I was surprised that I had made it through those months without completely losing my mind and snapping, but I somehow managed to keep it together during the day when everyone was there and save it all for at night when I'd cry myself to sleep. And then wake up and do it all over again.
Damon had actually been pretty decent with me. I guess since he knew what I was going through, he felt like we were kindred spirits and could make it through all of this together. He even told me at one point that with all of this wedding talk Elena and Stefan had brought up the subject. I stopped him from going on with the subject. If I felt so horrible about Jeremy and Bonnie being together for 50+ years I couldn't imagine how Damon felt thinking about Elena and his brother being together for eternity.

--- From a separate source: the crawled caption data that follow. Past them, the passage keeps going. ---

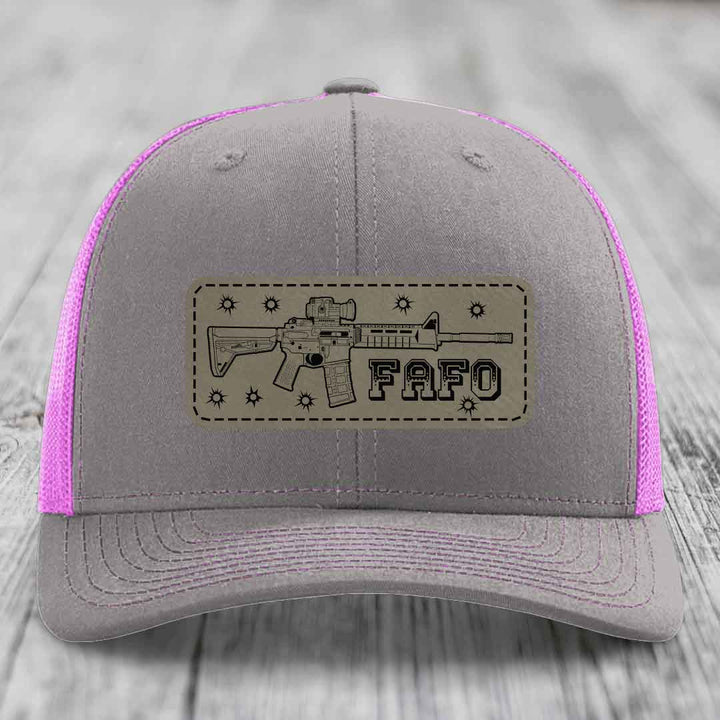 Ar15 Fafo - Leather Patch Hat - Light Brown to Black Patch - Richardson 112 Snapback Trucker Hat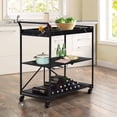 thumbnail image 1 of MELLCOM Folding Bar Cart, Kitchen Serving Cart with wheels, 3-Tier Rolling Utility Cart for Home, Black, 1 of 7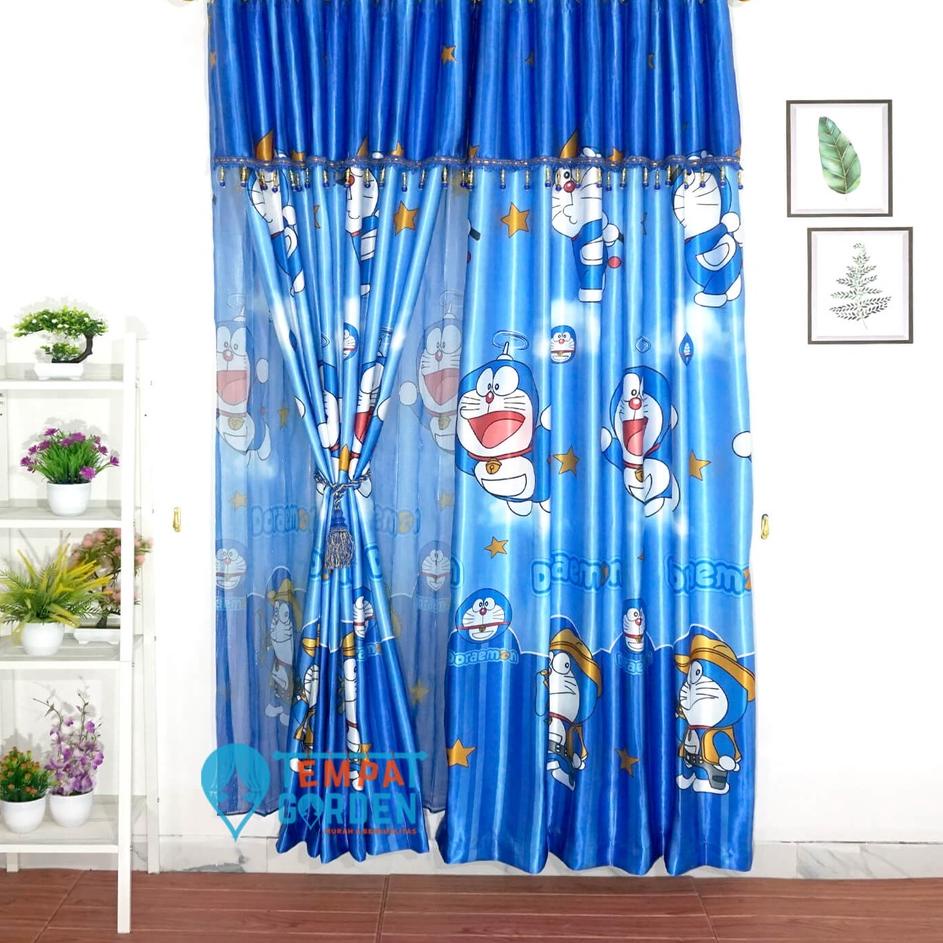 Gorden Blackout Gorden tebal Gorden Pintu Gorden Jendela Gorden Anak Gorden Karakter Motif Doraemon 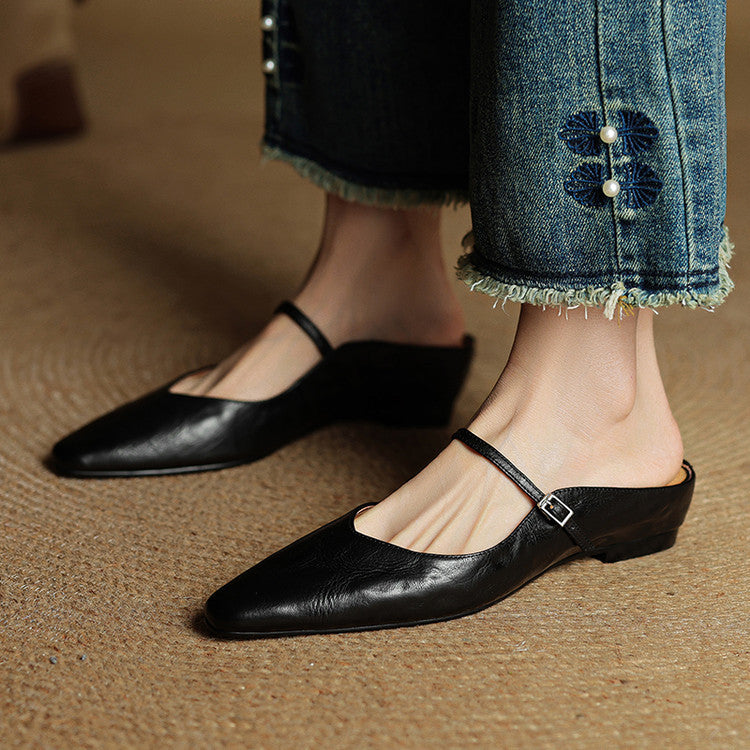 Women's Orthopaedic Genuine Leather Pointed Toe Mary Jane Mules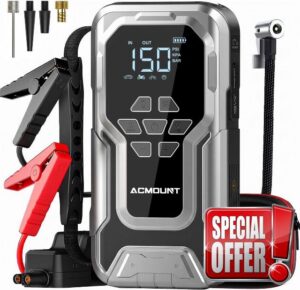 8000A Car Battery Booster Jump Starter Power Pack with Air Compressor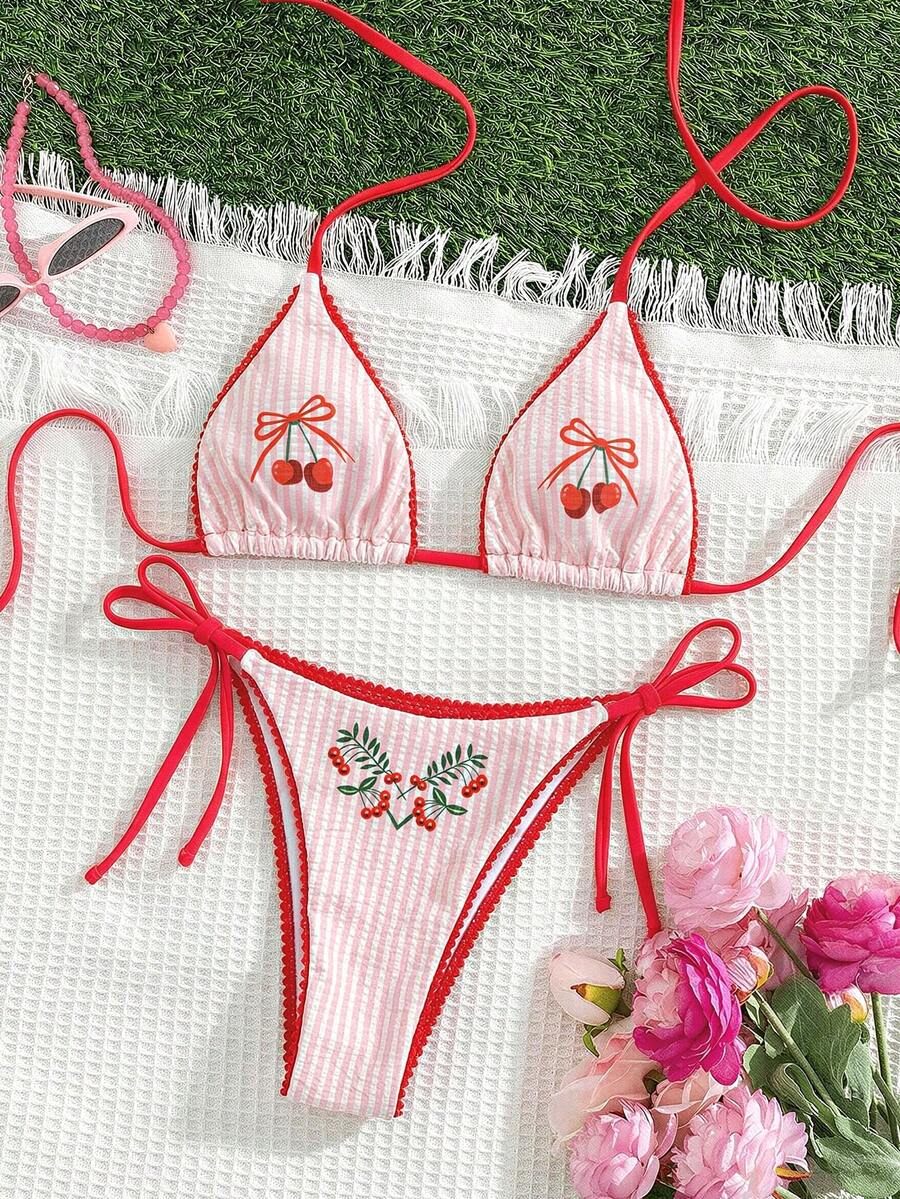 Swim Mod 挂脖系带柔软面料樱桃印花两件套比基尼泳衣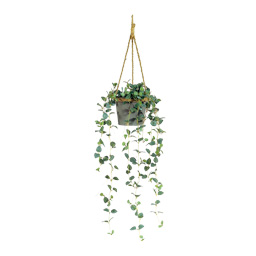 # Hanging plant 80 cm lang, Ø 20 cm fabric, artificial silk, in metal pot
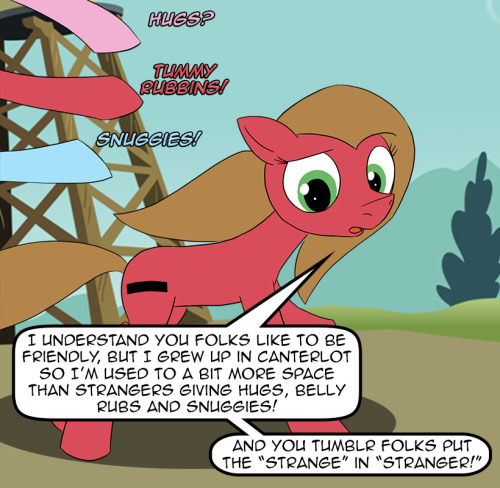 askpun:  I moved to Ponyville from Canterlot a few years ago, and the lack of physical distance when ponies are interacting is still a bit uncomfortable for me. Artwork by LoCeriBackground by CloudshadeZer0Script #449  X3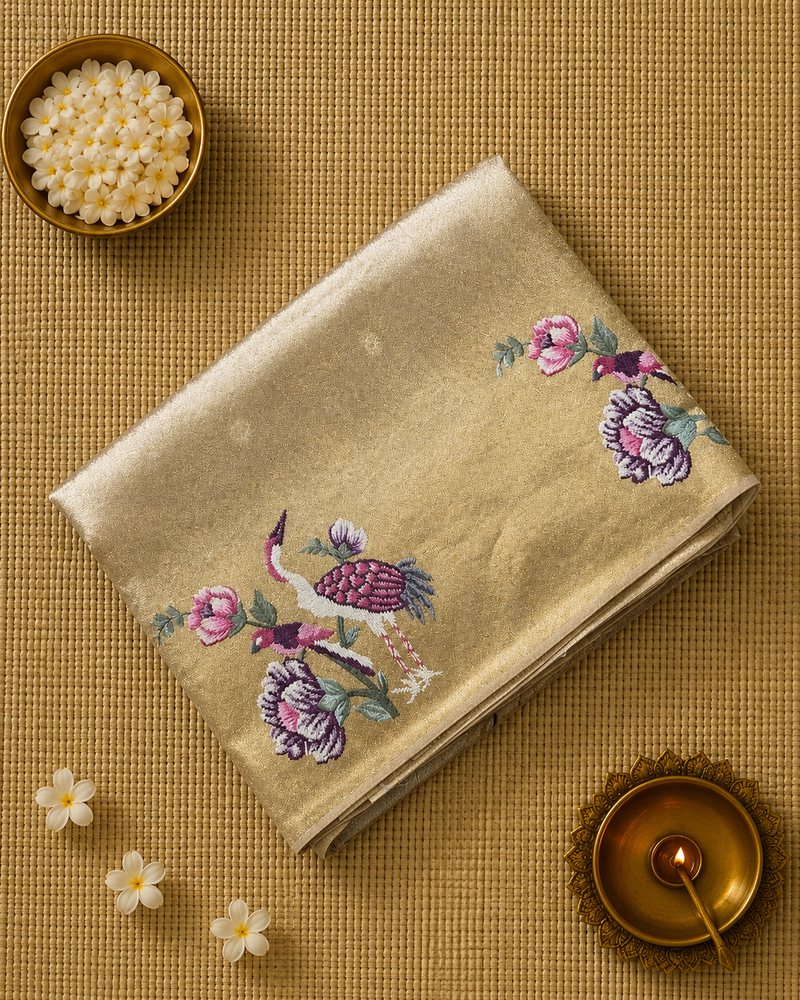 Pure Kore Tissue Saree with Petit Point Embroidery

Finally it was time for the rehersal dinner on the night before the wedding. I was a MESS the entire day but I was able to play it off as just being nervous about being the "best man/woman" thing and having to give a toast in front of everyone. They all bought it thankfully and didn't ask me too many questions.
The open bar was calling my name but I knew I couldn't do it tonight. Of all days I could have told Jeremy I was in love with him, the night before his wedding was NOT a good one and I wanted to keep it that way. He deserved his happiness and so did Bonnie. Plus she was a witch and could probably kill me by just looking at me.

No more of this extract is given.